What Does Medicare Cover?
Written by True Tamplin, BSc, CEPF®
Updated on July 10, 2021
Medicare covers a large number of medical and healthcare services, but not everything.
You can go to Medicare.gov to find out if a specific service or medical supply is covered by Medicare.
Coverage can vary depending upon where you live.
If the medical supply or service that you need is not listed on the website, you can consult your healthcare provider about whether Medicare will cover you.
Medicare coverage is based on 3 key factors:
- Federal and state laws.
- National coverage decisions made by Medicare about whether something is covered.
- Local coverage decisions made by companies in each state that process claims for Medicare.

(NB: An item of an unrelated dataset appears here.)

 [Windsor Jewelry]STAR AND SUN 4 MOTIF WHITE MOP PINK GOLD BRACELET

These companies decide whether something is medically necessary and should be covered in their area.
In general, Medicare Part A covers:
- Inpatient care in a hospital
- Skilled nursing facility care
- Nursing home care (inpatient care in a skilled nursing care facility that’s not custodial or long-term care
- Hospice care
- Home health care
In general, Medicare Part B covers two types of services:
- Medically necessary services: Services or supplies that are needed to diagnose or treat your medical condition and that meet accepted standards of medical practice.
- Preventive Services: Health care to prevent illness (like the flu) or detect it at an early stage, when treatment is most likely to work best.

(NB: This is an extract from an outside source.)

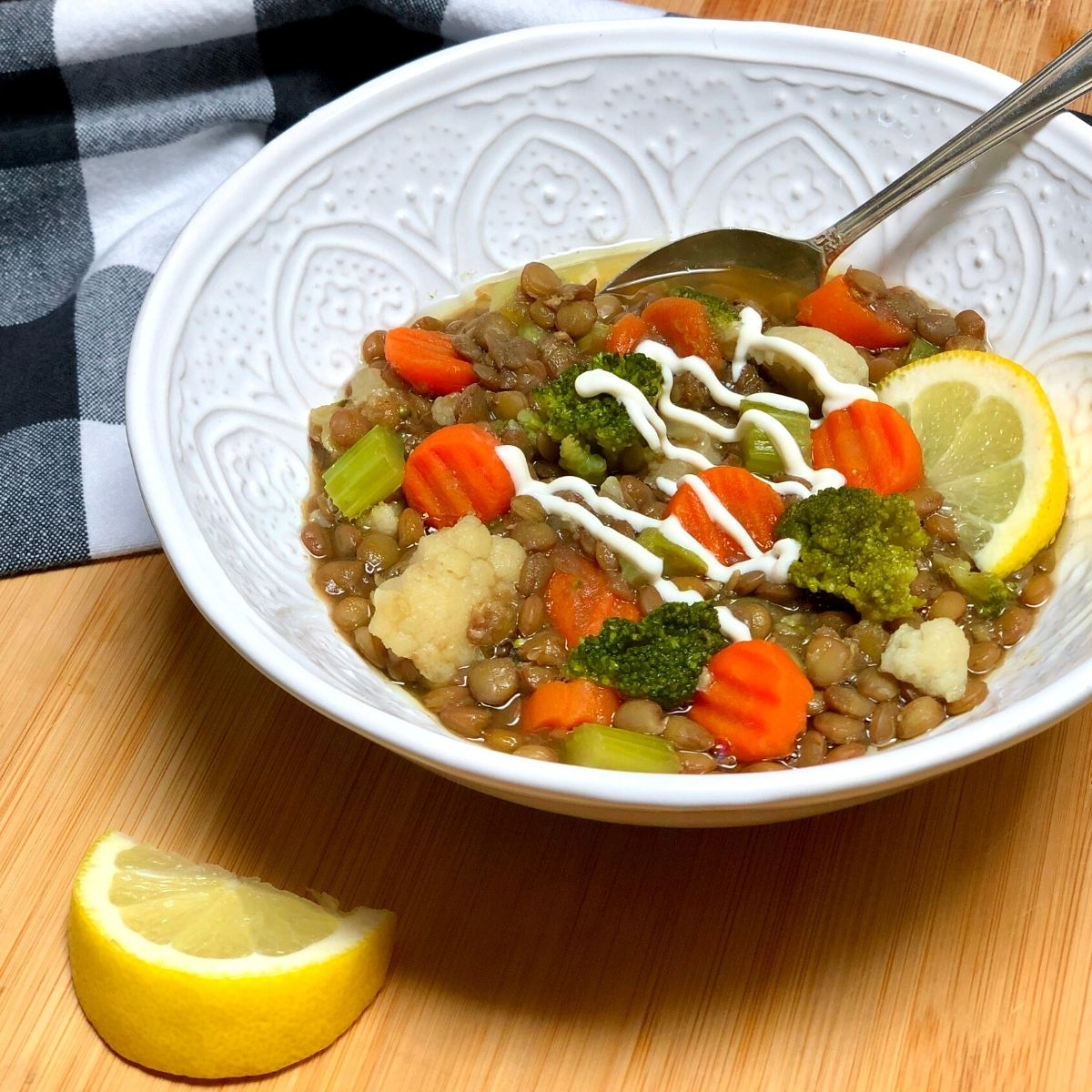 A bowl filled with vegan lentil veggie soup with carrots, broccoli, cauliflower & celery.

You pay nothing for most preventive services if you get the services from a health care provider who accepts assignment.
In general, Medicare Part B covers things like:
- Clinical research
- Ambulance services
- Durable Medical Equipment
- Mental health
- Partial hospitalization
- Limited outpatient prescription drugs
Medicare Health Plans
Generally, a Medicare health plan is offered by a private company that contracts with Medicare to provide Medicare Part A (Hospital Insurance) and Medicare Part B (Medical Insurance) benefits to people who enroll in the plan.
Medicare health plans include:
- Medicare advantage plans
- Other Medicare healthcare plans
- Medicare Cost Plans
- Demonstrations/Pilot Programs
- Programs of All-inclusive Care for the Elderly (PACE)
- Medication Therapy Management (MTM) programs for complex health needs
Medicare Advantage Plans
Medicare Advantage Plans must cover all of the services that Original Medicare covers.
However, if you’re in a Medicare Advantage Plan, Original Medicare will still cover the cost for hospice care, some new Medicare benefits, and some costs for clinical research studies.
In all types of Medicare Advantage Plans, you’re always covered for emergency and urgently needed care.
The plan can choose not to cover the costs of services that aren’t medically necessary under Medicare.
If you’re not sure whether a service is covered, check with your provider before you get the service.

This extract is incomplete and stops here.